Fortunately, the company has been keen in all its major changes except in the 2005 resolution whereby it was proposed that shareholders present in Annual General Meetings were not permitted to participate.
Although this may have been taken in good faith, it is highly likely that some shareholders may not have been contented with the move, viewing it as a deliberate way of blocking them from airing their opinions on company affairs (Hughes, M 2010; Robbins, 2005).
The process of involving people when proposing change can be explained well using a model for change management principles (Beer & Nohria, 2000; Deal & Kennedy, 1988).
It is prudent for the management at H&M to continually involve and unanimously concur with those who are going to be affected by the changes within the system of the organization (Boisot, 1998; DeWit & Meyer, 2005).
The system of an organization comprises of quite a number of factors such as behaviors, relationships, culture, processes and the environment.
In respect to this model, it is pertinent for the management at H&M to fully understand the position of the company before implementing any change owing to the fact that an organization is comprised of several delicate elements that can be easily affected when slight changes are introduced (Balogun et al., 2008; Doyle, 2002; EldrodII & Tippett, 2002; Fletcher, 2004; Wilson,1992).
The change model by Kotter can be recapped as follows: People should be inspired when initiating change and this should be carried out as a matter of urgency. Second, a guiding team with the proper emotional commitment should be built. Third, the right vision should be adopted.

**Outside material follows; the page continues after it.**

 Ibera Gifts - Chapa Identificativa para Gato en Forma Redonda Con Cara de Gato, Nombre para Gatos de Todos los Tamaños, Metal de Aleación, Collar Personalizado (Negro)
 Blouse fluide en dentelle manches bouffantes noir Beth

Fourth, it is important to communicate the basics concerning the change being implemented as well as removing obstacles that may jeopardize the process of change (Balogun & Johnson, 1998; Dunphy & Stace, 1993; Evans et al., 2002; Graetz, 2000).
According to Porter’s Five Forces model, market competition is drieven by quite a number of both internal and external factors. For instance, potential entrants, buyers, sellers and substitute products are all threats brought about by competition.

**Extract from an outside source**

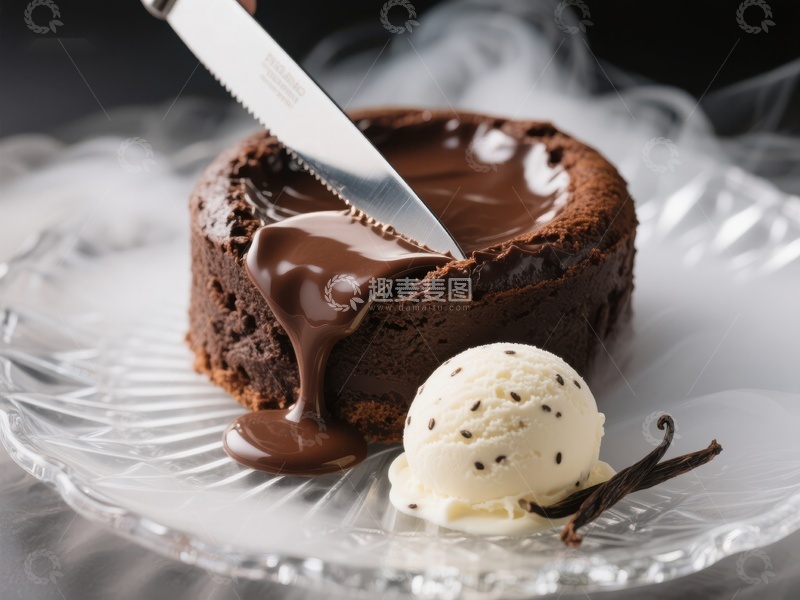 高清大图下载【趣麦麦图】巧克力熔岩蛋糕配冰淇淋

Even as H&M implement various changes in its trading portfolio, the company should take into account the various elements that drive competition so that it does not lose out on its market share (Porter, 1998).
The figure below illustrates how competition is a vital factor to be considered when H&M is impplememting various changes withing its brand portfolio.
Source: Porter (1998).
Conclusions and recommendations
H&M has been a key player in the clothing industry for decades now. The company deals in both men and women’s clothing and the related accessories such as handbags, shoes and under wears.
Since 2005, the company has undertaken myriad of changes in its trading portfolio as part and parcel of boosting its revenue growth. One of the notable changes at H&M has been the rapid geographic expansion of the company beyond its Sweden border (Guimaraes & Armstrong, 1998).
It currently, it operates several stores and outlets across India, China, Japan as well as several countries in Continental Europe.
Other outstanding changes since 2005 include massive collaborations with land mark designers, use of catalogue marketing and online shopping in some countries (Grundy, 1993; Guimaraes & Armstrong, 1998).
Facilitating these changes at H&M has been an uphill task. It is against this reason that proper change management procedures should be embraced by the company in order to yield the anticipated results.
Therefore, it is highly recommended that the company should seriously undertake evaluation and impact assessment in its day-to-day operations. Additionally, tracking down progress would require the use of key performance indicators.
Thus, H&M should enhance training and capacity building of its employees so that they are well equipped with the requisite skills and competences in carrying out their individual roles within the company.
Moreover, there should also be a well laid down framework for seeking solutions to workplace issues. Hence, worker representative’s platform should be strengthened by the company.